Особую радость вызывают у христиан воспоминания о событиях священной истории, эмоционально пережить которые помогают им церковные праздники, посвященные этим событиям. Об атмосфере духовной радости религиозных праздников много писал Кирилл Туровский. Если уже золотая цепь, унизанная жемчугом и драгоценными камнями, радует глаз и сердце видящих ее, то тем более приятна нам «духовьная красота, праздьници святии, веселяще верьныих сердца и душа освящающе» (ТОДРЛ 13, 419). Духовной красотой праздника наслаждаются на земле и на небе; ее воспевают небесные чины, люди и даже «горы и холми точат сладость». На праздник «Вознесения», пишет Кирилл, весь Универсум пронизан весельем и радостью— «небеса веселяться, своя украшающе светила… земля радуеться… и вся тварь красуеться, от Елеоньскыя горы просвещаема» (15, 341). Люди украшают праздник «песнями, яко цветы», воспевая славословия. Все в мире ликует, прозревая в празднике высшие истины бытия, жизнь вечную. «Да поистине сий праздник, —пишет Кирилл о «Вознесении», — пълн есть радости и веселиа! Радость на небесех, възнесъшюся Христу к Отцю, и на земли веселие всей твари, обновлыпися от истления» (343).
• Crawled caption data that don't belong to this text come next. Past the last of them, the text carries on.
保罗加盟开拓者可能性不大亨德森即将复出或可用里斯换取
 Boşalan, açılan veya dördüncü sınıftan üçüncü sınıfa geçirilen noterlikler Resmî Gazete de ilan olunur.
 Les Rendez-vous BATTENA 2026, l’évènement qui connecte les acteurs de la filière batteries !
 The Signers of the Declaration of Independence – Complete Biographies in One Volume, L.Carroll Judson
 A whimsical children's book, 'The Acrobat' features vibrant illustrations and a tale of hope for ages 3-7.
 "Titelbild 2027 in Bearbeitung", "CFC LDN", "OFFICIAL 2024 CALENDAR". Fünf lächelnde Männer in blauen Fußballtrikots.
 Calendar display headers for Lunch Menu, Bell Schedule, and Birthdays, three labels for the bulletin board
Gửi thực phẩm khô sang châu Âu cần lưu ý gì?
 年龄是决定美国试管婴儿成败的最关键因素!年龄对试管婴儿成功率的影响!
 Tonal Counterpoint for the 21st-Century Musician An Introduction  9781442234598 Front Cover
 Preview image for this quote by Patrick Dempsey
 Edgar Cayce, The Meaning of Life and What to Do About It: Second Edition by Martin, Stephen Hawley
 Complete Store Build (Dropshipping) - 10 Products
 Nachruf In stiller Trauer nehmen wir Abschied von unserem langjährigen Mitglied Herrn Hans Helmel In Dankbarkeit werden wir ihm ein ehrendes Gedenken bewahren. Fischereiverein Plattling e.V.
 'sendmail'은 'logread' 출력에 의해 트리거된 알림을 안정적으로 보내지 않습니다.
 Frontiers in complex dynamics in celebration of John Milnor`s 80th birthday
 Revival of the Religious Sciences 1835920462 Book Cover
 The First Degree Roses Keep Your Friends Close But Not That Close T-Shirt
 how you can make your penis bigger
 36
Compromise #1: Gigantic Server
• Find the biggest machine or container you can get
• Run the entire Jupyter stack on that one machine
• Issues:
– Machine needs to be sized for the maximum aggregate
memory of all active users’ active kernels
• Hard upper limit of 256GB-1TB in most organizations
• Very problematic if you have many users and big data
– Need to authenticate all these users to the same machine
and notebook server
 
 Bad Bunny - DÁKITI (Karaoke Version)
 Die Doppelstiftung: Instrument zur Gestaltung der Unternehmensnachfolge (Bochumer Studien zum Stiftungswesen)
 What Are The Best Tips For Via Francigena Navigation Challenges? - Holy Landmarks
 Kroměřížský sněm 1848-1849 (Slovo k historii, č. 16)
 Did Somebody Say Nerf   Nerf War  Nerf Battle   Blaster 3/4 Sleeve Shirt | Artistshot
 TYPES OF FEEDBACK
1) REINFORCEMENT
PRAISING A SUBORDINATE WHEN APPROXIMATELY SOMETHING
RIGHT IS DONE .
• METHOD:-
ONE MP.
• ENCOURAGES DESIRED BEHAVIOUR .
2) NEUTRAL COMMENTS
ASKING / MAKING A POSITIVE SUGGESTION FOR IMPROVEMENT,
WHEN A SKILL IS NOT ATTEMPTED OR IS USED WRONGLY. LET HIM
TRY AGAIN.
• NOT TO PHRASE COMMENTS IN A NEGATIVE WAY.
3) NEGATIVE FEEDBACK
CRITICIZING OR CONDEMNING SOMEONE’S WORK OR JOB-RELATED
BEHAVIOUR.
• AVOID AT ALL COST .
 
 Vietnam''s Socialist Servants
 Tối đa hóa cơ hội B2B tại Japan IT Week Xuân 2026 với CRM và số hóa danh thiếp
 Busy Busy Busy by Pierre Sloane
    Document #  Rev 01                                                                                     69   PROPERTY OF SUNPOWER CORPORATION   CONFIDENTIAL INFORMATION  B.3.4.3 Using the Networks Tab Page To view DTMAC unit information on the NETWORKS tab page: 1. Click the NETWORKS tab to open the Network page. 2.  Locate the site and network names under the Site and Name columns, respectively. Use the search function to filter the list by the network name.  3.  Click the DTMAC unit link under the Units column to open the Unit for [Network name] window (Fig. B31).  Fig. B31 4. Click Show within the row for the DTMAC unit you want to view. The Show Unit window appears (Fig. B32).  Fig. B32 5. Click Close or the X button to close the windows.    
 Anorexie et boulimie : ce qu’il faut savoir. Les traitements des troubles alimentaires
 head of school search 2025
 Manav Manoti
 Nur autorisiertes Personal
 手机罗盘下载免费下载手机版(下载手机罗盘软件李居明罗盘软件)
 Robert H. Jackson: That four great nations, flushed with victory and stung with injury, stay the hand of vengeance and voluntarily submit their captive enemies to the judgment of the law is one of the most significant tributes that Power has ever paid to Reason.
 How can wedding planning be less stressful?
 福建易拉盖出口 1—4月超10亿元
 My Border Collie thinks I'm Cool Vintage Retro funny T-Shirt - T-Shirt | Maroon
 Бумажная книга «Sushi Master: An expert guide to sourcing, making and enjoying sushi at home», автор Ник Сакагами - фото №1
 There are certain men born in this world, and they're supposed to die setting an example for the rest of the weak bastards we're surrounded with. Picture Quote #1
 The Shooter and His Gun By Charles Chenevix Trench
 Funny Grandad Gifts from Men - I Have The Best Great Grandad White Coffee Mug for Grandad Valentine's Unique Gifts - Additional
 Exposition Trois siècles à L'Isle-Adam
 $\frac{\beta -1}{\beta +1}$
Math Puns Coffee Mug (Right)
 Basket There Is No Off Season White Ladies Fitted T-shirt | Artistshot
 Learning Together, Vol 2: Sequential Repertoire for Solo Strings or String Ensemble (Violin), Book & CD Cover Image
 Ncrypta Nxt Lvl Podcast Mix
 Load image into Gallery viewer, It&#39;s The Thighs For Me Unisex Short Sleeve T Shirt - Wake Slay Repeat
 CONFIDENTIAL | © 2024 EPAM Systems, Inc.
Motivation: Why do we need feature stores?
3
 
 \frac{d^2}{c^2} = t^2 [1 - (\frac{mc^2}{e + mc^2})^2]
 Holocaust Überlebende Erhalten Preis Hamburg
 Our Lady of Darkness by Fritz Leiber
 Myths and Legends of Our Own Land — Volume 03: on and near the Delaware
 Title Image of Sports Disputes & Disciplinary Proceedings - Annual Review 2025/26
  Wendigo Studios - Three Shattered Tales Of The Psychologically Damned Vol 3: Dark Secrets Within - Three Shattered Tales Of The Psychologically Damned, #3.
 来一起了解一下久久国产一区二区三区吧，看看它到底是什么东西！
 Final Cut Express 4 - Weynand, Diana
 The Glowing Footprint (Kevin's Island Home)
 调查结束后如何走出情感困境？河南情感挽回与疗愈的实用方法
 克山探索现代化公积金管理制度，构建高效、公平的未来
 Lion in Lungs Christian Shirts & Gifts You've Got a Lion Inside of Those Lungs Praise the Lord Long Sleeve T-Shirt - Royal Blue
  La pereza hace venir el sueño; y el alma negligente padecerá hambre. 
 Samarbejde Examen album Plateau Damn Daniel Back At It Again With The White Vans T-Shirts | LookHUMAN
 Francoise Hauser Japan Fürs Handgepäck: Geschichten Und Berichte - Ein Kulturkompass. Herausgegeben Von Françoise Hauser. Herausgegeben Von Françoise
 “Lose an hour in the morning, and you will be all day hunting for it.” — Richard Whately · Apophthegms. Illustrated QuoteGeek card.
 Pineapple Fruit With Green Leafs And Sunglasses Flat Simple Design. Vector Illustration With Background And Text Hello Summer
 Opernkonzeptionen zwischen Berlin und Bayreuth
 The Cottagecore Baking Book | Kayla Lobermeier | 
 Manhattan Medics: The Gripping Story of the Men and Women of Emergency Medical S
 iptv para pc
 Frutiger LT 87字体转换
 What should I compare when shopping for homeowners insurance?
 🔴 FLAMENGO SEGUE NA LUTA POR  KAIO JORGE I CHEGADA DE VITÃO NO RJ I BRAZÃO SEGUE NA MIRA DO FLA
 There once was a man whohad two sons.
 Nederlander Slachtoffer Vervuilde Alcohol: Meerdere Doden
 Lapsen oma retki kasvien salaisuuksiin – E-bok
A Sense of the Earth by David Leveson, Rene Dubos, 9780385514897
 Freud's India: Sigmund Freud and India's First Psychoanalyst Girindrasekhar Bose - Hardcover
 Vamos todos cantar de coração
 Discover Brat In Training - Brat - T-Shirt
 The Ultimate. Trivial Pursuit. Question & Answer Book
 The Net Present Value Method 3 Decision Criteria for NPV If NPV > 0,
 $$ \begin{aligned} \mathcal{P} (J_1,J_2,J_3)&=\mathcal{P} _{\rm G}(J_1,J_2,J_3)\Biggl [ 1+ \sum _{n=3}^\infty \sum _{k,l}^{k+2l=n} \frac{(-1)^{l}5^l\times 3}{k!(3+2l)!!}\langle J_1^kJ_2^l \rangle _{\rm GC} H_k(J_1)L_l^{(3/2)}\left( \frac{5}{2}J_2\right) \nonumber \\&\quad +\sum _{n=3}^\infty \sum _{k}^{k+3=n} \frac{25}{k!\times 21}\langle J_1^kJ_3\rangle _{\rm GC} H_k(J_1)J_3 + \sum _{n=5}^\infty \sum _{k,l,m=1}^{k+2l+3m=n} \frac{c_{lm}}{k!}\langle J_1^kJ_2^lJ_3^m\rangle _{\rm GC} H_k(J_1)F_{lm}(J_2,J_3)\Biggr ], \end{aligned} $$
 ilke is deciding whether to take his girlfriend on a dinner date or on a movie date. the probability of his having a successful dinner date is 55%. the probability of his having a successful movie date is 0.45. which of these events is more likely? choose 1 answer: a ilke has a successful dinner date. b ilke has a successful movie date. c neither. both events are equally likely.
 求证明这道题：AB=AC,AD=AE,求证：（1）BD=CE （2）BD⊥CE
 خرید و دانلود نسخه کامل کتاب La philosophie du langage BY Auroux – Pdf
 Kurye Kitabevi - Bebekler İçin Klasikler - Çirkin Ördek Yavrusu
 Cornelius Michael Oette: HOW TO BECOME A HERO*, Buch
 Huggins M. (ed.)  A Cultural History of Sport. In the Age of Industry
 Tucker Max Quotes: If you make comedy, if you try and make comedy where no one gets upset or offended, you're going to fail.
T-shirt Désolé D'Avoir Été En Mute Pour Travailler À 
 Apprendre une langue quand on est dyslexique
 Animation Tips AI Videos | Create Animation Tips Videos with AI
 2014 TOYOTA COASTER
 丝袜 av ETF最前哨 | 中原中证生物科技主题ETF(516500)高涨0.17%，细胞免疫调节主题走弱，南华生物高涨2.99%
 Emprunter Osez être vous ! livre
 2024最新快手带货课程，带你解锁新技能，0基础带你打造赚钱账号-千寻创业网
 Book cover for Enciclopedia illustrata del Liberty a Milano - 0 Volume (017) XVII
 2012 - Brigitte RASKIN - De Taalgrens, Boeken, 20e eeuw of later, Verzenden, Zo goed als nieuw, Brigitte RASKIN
Конечно, далеко не каждый человек Древней Руси вдумывался в философско–религиозный смысл того или иного праздника, но каждый (а праздники очень скоро стали всенародными) знал, что празднуется нечто возвышенное и достойное ликования, что есть в празднике нечто возвышающееся над человеческой жизнью, но имеющее позитивное влияние на эту жизнь. Позитивный смысл празднуемых событий если не понимал до конца, то хорошо ощущал каждый участник такого праздника. А чтобы не ломалась традиционная хронология и сакральная значимость праздников, к которой издревле привыкли славяне, многие христианские праздники постепенно заняли место языческих, и в народном сознании новое, не совсем понятное содержание их получило глубинное подкрепление за счет соотнесенных с ними языческих архетипов и древних мифологем[131].

Духовную радость, восторг и умиление испытывали древние русичи от соприкосновения с христианскими святынями, от посещения святых мест, особенно связанных с жизнью Христа. Этими чувствами проникнуты все сохранившиеся до наших дней описания так называемых «хождений» по святым местам.

Игумен Даниил, посетивший в начале XII в. Палестину, так описывает эмоции русских, перед которыми открылся вид на Иерусалим: «И бываеть тогда радость вели‑ка всякому християнину, видевше святый град Иерусалимъ; и ту слезамъ пролитье бываеть от верных человекъ. Никто же бо можеть не прослезитися, узревъ желанную ту землю и места святаа вида, иде же Христосъ богъ нашь претрьпе страсти нас ради грешных. И идуть вси пеши с радостию великою къ граду Иерусалиму» (ПЛДР 2, 32). Здесь мы встречаемся с выражением духовного наслаждения особого рода. Радость от соприкосновения со святыней, с возвышенным соединена со слезами сострадания и умиления. Святыня эта живо напоминала средневековому человеку о страданиях и позорной смерти, которые и ради него тоже претерпел Сын человеческий, и он сострадает ему. Но это сострадание не житейскому несчастью какого‑то человека, а сострадание Богу, претерпевшему поругание и мучительную смерть, воскресшему и искупившему своими страданиями и смертью грехи человеческие. Это сострадание родственно состраданию зрителя трагическому актеру, но оно осложнено здесь осознанием истинности происшедшего события и его сакральной и именно позитивной значимости для каждого человека. Если попытаться описать подобное эмоци–ональное состояние в традиционных категориях эстетики, то, судя по характеристике Даниила, оно складывается из одновременного переживания возвышенного и трагического, выраженного в модусе просветленного умиления. Это сложное эмоциональноэстетическое переживание, которому сами средневековые люди не нашли словесного обозначения, а современной науке его трудно обозначить, так как оно редко встречается в эмоциональной жизни людей XX века.